Years go by, and the narrator’s park slowly fills with new humps, as his loved ones die one by one. Some bulges are small, other enormous; the garden, once flat and regular, at this point is completely packed with mounds appearing with every new loss.
Because this problem of humps in the garden happens to everybody, and every one of us […] owns a garden where these painful phenomenons take place. It is an ancient story repeating itself since the beginning of centuries, it will repeat for you too. And this isn’t a literary joke, this is how things really are.
In the tale’s final part, we discover that the protagonist is not a fictional character at all, and that the sorrowful metaphore refers to the author himself:
Naturally I also wonder if in someone else’s garden will one day appear a hump that has to do with me, maybe a second or third-rate little hump, just a slight pleating in the lawn, not even noticeable in broad daylight, when the sun shines from up high. However, one person in the world, at least one, will stumble on it. Perhaps, on the account of my bad temper, I will die alone like a dog at the end of an old and deserted hallway. And yet one person that evening will stub his toe on the little hump in the garden, and will stumble on it the following night too, and each time that person will think with a shred of regret, forgive my hopefulness, of a certain fellow whose name was Dino Buzzati.
Now, if I may risk the analogy, the humps in Buzzati’s garden seem to be poetically akin to the Dani women’s missing fingers.
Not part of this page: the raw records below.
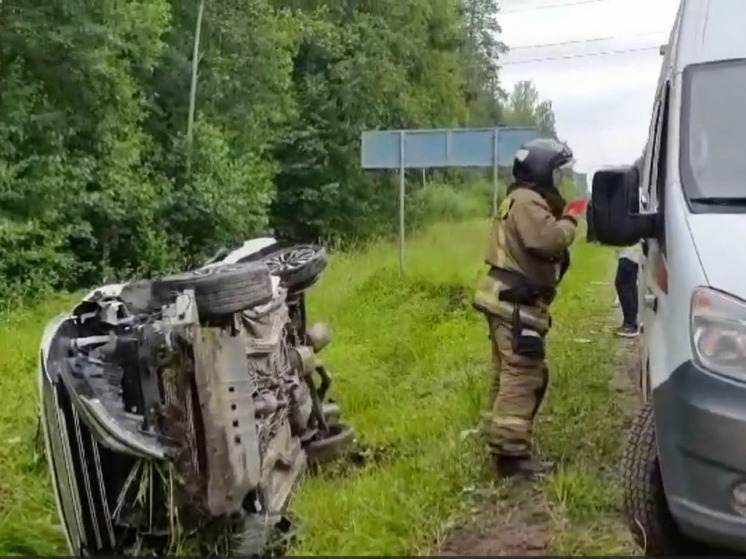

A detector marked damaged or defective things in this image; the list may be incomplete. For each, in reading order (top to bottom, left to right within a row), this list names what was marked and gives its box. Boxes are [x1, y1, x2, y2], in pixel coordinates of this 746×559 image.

exposed wheel [150, 262, 272, 320]
exposed wheel [264, 246, 326, 294]
damaged car undercarriage [38, 238, 354, 556]
overturned vehicle [39, 240, 354, 556]
exposed wheel [306, 422, 358, 466]
exposed wheel [616, 402, 696, 556]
The latter represent a touching and powerful image: each time a loved one leaves us, “we lose a bit of ourselves”, as is often said – but here the loss is not just emotional, the absence becomes concrete. On the account of this physical expression of grief, fingerless women undoubtedly have a hard time carrying out daily tasks; and further bereavements lead to the impossibility of using their hands. The oldest women, who have seen many loved ones die, need help and assistance from the community. Death becomes a wound which makes them disabled for life.
Of course, at least from a contemporary perspective, there is still a huge stumbling block: the metaphore would be perfect if such a tradition concerned also men, who instead were never expected to carry out such extreme sacrifices. It’s the female body which, more or less voluntarily, bears this visible evidence of pain.
But from a more universal perspective, it seems to me that these symbols hold the certainty that we all will leave a mark, a hump in someone else’s garden. The pride with which Dani women show their mutilated hands suggests that one person’s passage inevitably changes the reality around him, conditioning the community, even “sculpting” the flesh of his kindreds. The creation of meaning in displays of grief also lies in reciprocity – the very tradition that makes me weep for the dead today, will ensure that tomorrow others will lament my own departure.
Regardless of the historical variety of ways in which this concept was put forth, in this awareness of reciprocity human beings seem to have always found some comfort, because it eventually means that we can never be alone.